En este panorama, son muchos los países de nuestro entorno que también tipifican delitos de expresión, y que también los castigan con penas no solo pecuniarias sino también privativas de libertad. Sin ánimo exhaustivo y a título ejemplificativo se pueden citar los siguientes:
Países como Suecia, Bélgica, Dinamarca, Mónaco y Países Bajos contemplan el delito de injurias a la Corona. En el caso de Suecia el delito llega a estar castigado con una pena máxima de 6 años de prisión y conjunta de multa (Capítulo 18, Sección 2 de su CP). En Bélgica continúa en vigor la ley sobre el crimen de lèse-majesté que castiga la conducta con pena de hasta 3 años de prisión. Pena máxima que se eleva hasta los 4 años en el art. 115 del Código Penal de Dinamarca, y hasta los 5 según el art. 58 del Código Penal de Mónaco. Distinta ha sido la tendencia en los Países Bajos, donde en enero de 2021 se ha rebajado la pena de los delitos de lesa majestad equiparándola con la prevista para los insultos a cualquier otro Funcionario Público, modificación que en cualquier caso no afecta a la posición privilegiada que ya se otorgaba a la Corona, pues esta sigue ostentando una protección privilegiada o reforzada si se la compara con la de cualquier individuo particular.
En este panorama, la española, con una pena máxima de 2 años de prisión o alternativa de multa para las injurias que no sean graves, resulta ser, con la excepción de la nueva regulación de los Países Bajos, la legislación más benevolente o menos punitiva de todas las referidas.

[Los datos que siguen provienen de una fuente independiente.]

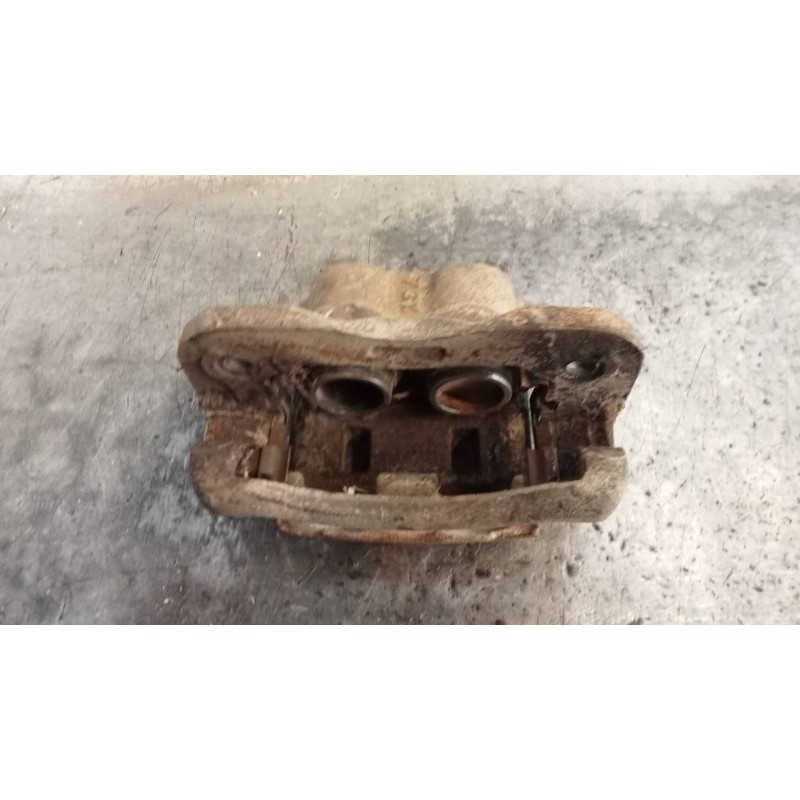 Recambio de pinza freno delantera izquierda para ford ranger (et) cabina doble xlt limited 4x4 referencia OEM IAM   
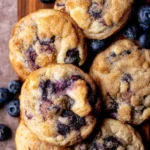 Blueberry-Muffin-Cookies-Recipe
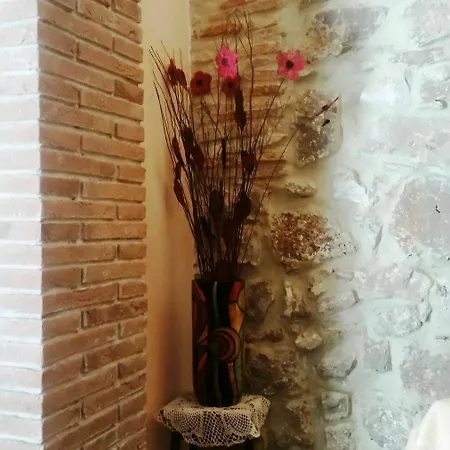 Primavera Bed and Breakfast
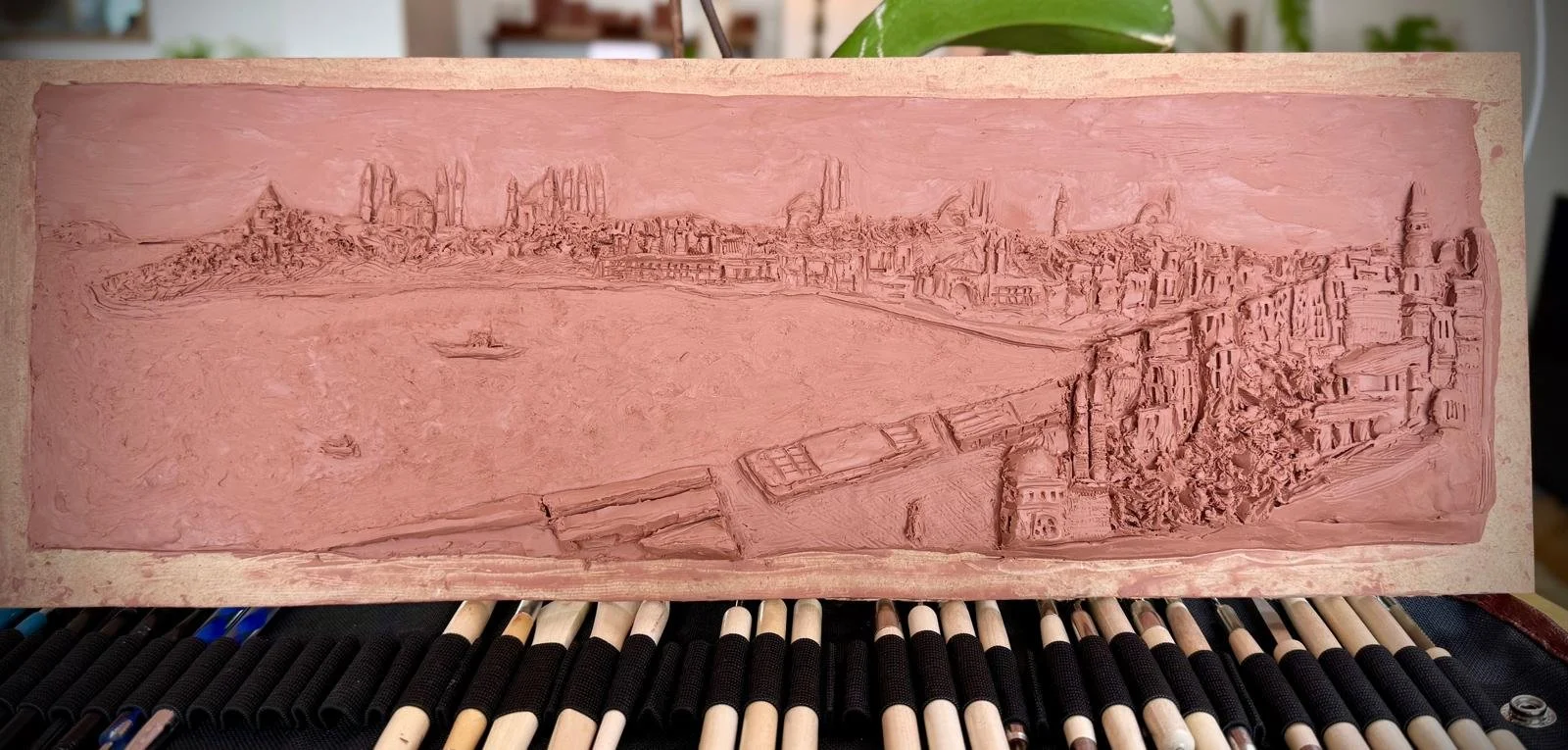 The Golden Horn: Istanbul’s Ageless Harbor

En cuanto a los delitos de apología del terrorismo o los delitos de odio, podemos traer a colación, entre otras, las previsiones de la legislación francesa y alemana, pues recientemente en estos países se han dictado un par de sentencias, que como la de Pablo Hasel tuvieron en su momento una gran repercusión social, y que condenan con penas privativas de libertad a dos músicos por ejercicio desorbitado de la libertad de expresión.
El Código Penal Francés en su art. 421.2.5 castiga con penas de 5 y 7 años prisión y multas de 75.000 y 100.000 euros la apología del terrorismo, y en aplicación de esta normativa el pasado mes de noviembre de 2020 un Juzgado de Meaux (Francia) condenó a la pena de 15 meses de prisión al rapero Maka por hacer apología del terrorismo en uno de sus videoclips.
También el Código Penal Alemán prevé en su art. 130 el delito de odio (lo que llaman “volksverhetzung”), norma que aplicó en 2003 un Tribunal de Berlín que además de declarar <organización criminal> a la Banda de rock neonazi Landser, condenó a su vocalista Michael Regener a la pena de 3 años y 4 meses de prisión por incitar al odio racial.
Lo anterior demuestra que este tipo de previsiones legales que suponen una injerencia del ius puniendi del Estado en el ejercicio de la libertad de expresión no son una anomalía del Estado y legislación españoles, sino que forman parte de la normalidad democrática en gran parte de los países de nuestro entorno.
No cabe la menor duda de que corresponde a cada Estado, en el ejercicio de su soberanía, fijar la política criminal y elaborar leyes que vayan en consonancia con la misma. Pero también resulta indiscutible la suscripción por parte de España de Tratados y Convenios Internacionales en materia de libertad de expresión que le vinculan. De hecho, además de la implementación por vía judicial, nuestra Constitución contiene en su art. 10.2 una cláusula de interpretación conforme según la cual “Las normas relativas a los derechos fundamentales y a las libertades que la Constitución reconoce se interpretarán de conformidad con la Declaración Universal de Derechos Humanos y los tratados y acuerdos internacionales sobre las mismas materias ratificados por España”, de modo que es conveniente insistir a modo de conclusión en la importancia de que la reforma que se acometa para regular el ejercicio desbordado de la libertad de expresión no sea ajena a los estándares internacionales que se han analizado.